Data to examine: Begin

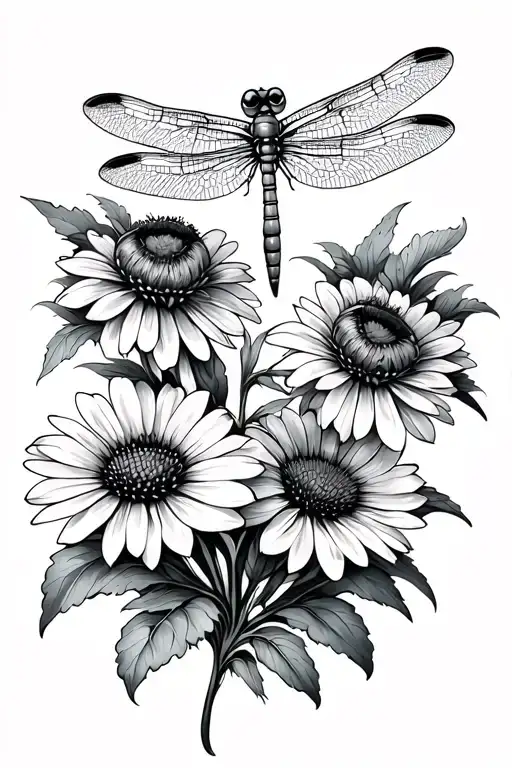 Dragonflies And Coneflowers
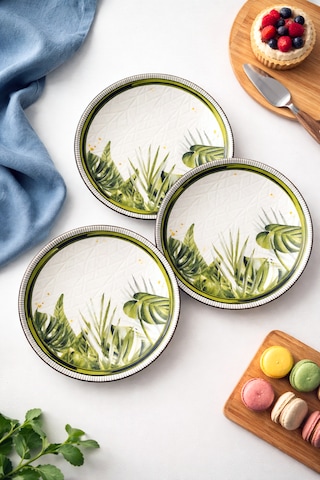 Yeşil Tropikal Desenli Pasta Tabağı Seti 6 Adet 20 Cm - Modern Şık Sunum Tabakları Koyu Yeşil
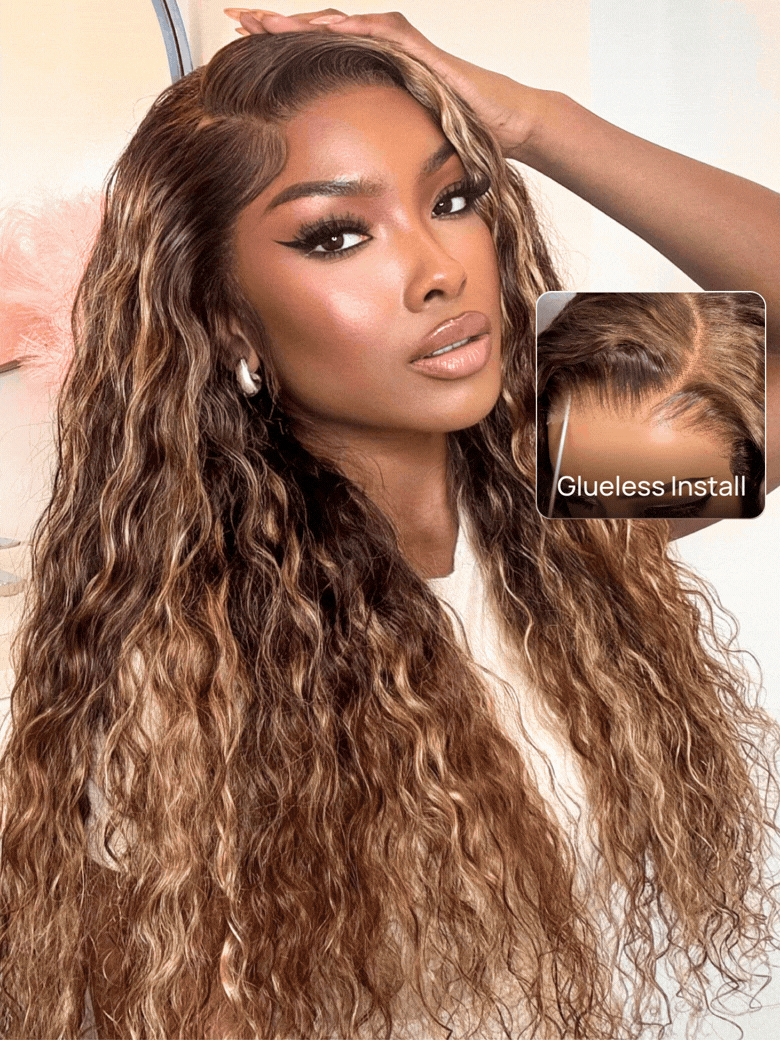 honey blonde highlights water wave wig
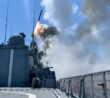 Ruská fregata Admiral Gorškov Projekt 22350 odpaluje střelu Kalibr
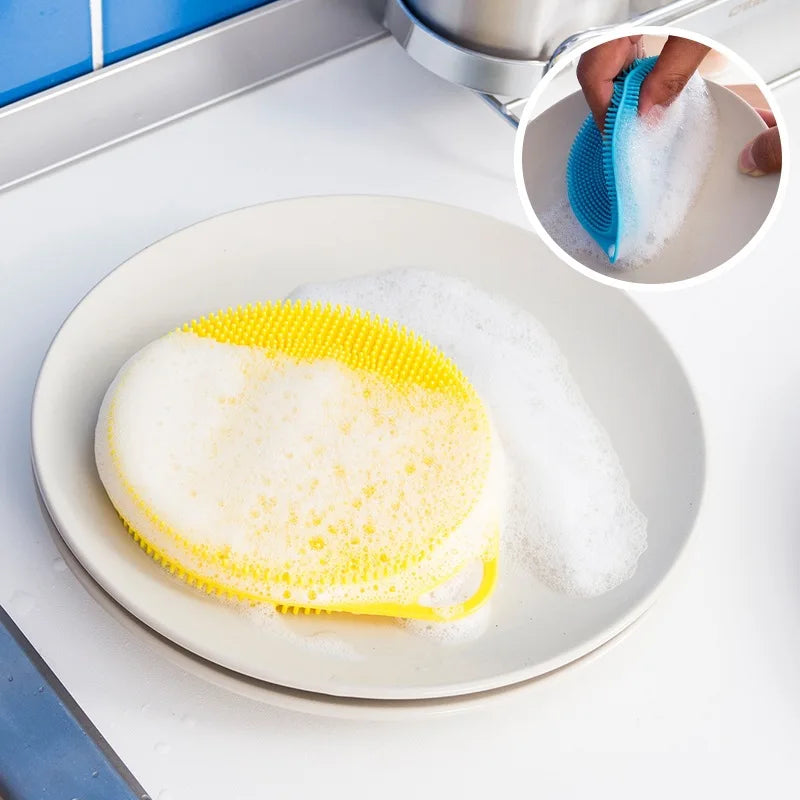 10PCS Kitchen Gadgets Round Silicone Magic Cleaning Brushes - Problems Solved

Data to examine: End

*Task*:
Using the records above, reproduce exactly the lines from the line containing "Ruská fregata Admiral" through the last line, with both ends kept and no pictures.

*Your solution*:
 Ruská fregata Admiral Gorškov Projekt 22350 odpaluje střelu Kalibr
 10PCS Kitchen Gadgets Round Silicone Magic Cleaning Brushes - Problems Solved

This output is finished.